Search the data below, and report every line in which "Page" occurs.

_INPUT MATERIAL_.
··········
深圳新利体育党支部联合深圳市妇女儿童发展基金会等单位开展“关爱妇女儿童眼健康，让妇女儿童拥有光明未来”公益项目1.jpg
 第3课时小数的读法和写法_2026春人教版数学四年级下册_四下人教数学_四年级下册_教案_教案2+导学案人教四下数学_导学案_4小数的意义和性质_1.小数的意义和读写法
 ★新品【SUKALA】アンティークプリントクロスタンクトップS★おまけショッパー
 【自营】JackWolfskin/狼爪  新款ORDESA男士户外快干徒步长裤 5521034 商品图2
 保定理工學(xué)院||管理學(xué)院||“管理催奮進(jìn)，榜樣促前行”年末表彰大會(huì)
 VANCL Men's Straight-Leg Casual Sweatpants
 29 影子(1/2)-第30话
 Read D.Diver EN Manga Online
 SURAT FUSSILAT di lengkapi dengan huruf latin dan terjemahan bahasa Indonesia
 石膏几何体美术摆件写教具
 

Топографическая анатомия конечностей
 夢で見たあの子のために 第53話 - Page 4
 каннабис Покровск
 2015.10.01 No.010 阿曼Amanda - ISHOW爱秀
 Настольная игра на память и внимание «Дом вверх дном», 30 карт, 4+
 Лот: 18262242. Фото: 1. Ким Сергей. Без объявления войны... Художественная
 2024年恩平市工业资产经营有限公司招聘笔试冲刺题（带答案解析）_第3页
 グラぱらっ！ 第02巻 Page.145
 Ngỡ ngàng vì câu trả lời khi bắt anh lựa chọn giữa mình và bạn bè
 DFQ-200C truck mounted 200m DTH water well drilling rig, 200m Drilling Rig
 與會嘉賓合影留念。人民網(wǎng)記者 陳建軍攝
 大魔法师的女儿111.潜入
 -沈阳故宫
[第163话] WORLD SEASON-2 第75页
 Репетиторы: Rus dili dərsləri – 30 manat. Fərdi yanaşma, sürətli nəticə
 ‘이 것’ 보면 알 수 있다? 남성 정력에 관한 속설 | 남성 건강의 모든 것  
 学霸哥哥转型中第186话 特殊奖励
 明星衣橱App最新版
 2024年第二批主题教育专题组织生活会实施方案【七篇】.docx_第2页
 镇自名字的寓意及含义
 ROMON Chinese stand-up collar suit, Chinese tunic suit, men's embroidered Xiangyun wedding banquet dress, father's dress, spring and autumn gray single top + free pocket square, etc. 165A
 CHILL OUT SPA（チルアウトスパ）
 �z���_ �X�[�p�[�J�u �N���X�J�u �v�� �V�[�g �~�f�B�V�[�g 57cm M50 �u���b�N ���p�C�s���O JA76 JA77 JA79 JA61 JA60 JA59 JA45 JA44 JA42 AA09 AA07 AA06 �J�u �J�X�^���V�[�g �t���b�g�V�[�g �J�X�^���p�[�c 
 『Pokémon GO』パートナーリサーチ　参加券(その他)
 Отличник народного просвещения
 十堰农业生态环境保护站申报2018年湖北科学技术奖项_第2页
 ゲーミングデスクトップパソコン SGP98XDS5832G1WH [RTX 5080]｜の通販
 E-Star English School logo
··········
_ANSWER BOX_.
 夢で見たあの子のために 第53話 - Page 4
 グラぱらっ！ 第02巻 Page.145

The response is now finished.